***** GIVEN INFORMATION
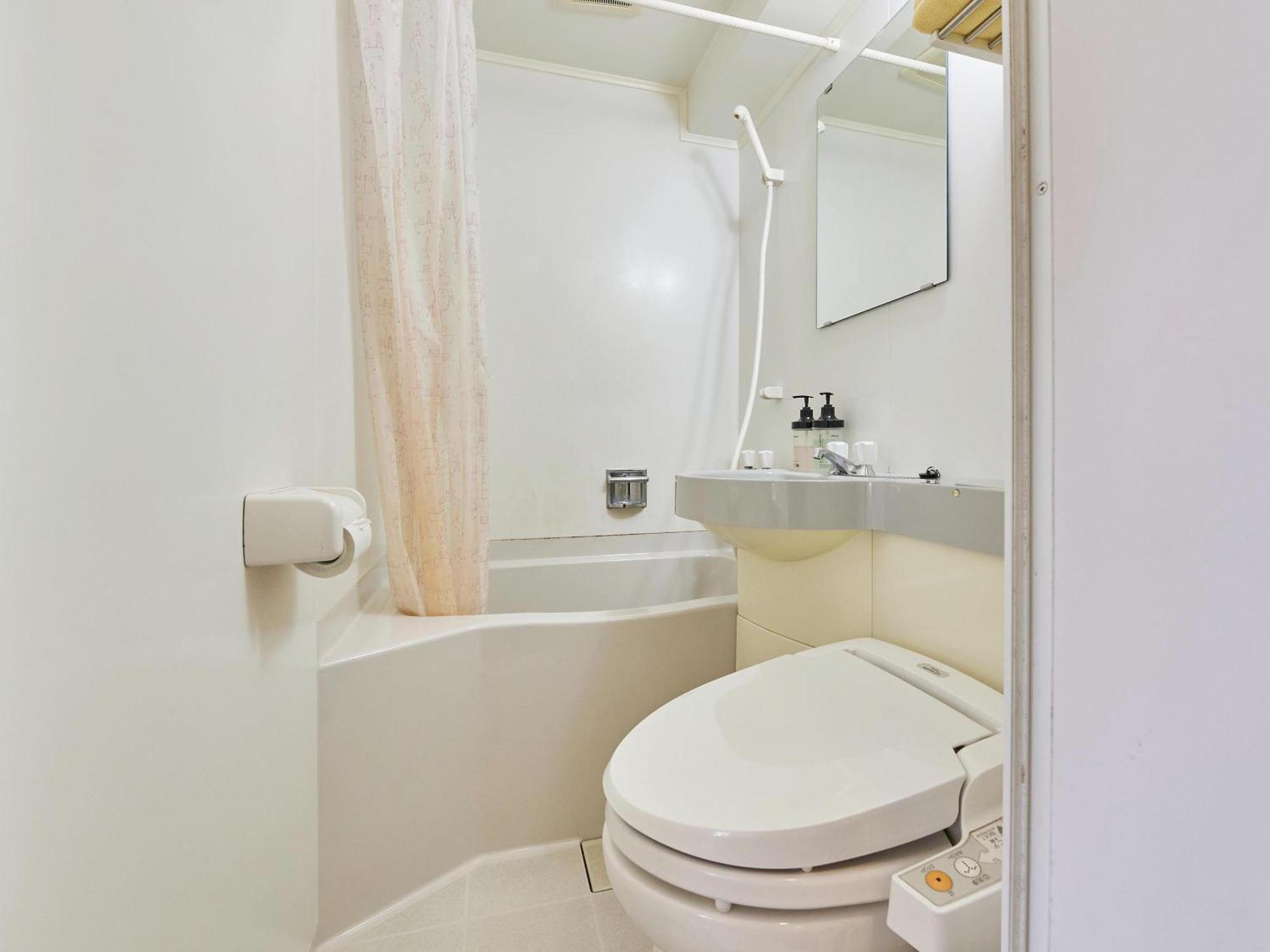 Kumagaya Royal Hotel Suzuki Экстерьер фото
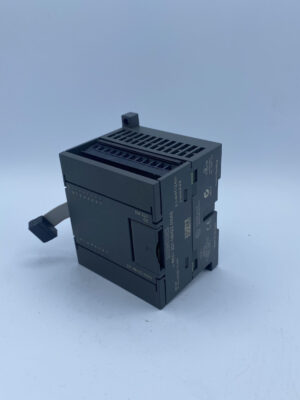 Siemens 6ES7 221-1BH22-0XA0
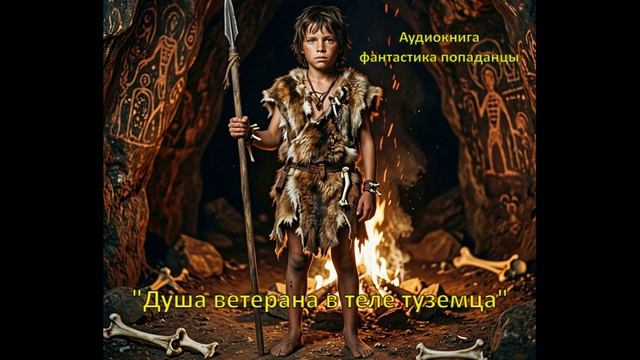 Аудиокнига 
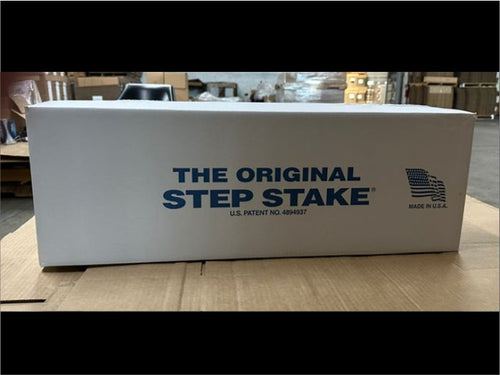 Parker_Davis_Step_Stakes_Box_Side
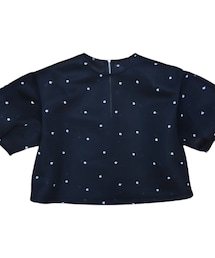 ëpa | シャツ/ブラウス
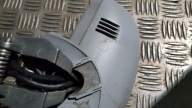 MERCEDES W211 mirror inner 14 PIN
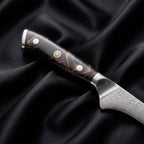 Iwao Honesuki Boning Knife
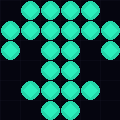 34.23.210.71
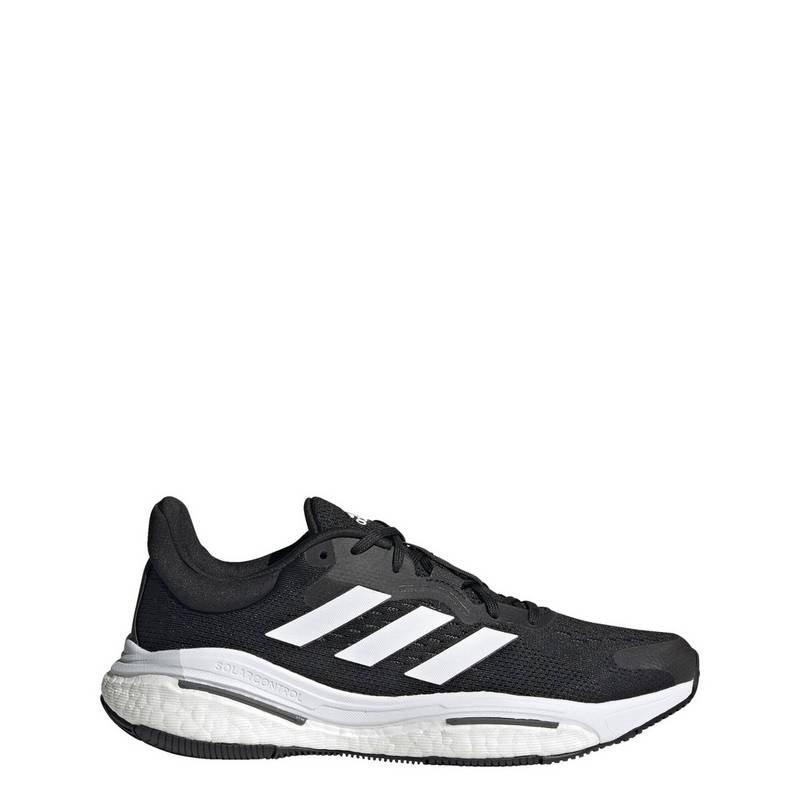 adidas Solarcontrol Laufschuh Laufschuhe Damen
**********
WORK INSTRUCTION: Retype precisely, and only, the lines from the one holding "MERCEDES W211 mirror inner 14 PIN" through the final line of the data above, with the pictures omitted.

SOLVED PROBLEM:
 MERCEDES W211 mirror inner 14 PIN
 Iwao Honesuki Boning Knife
 34.23.210.71
 adidas Solarcontrol Laufschuh Laufschuhe Damen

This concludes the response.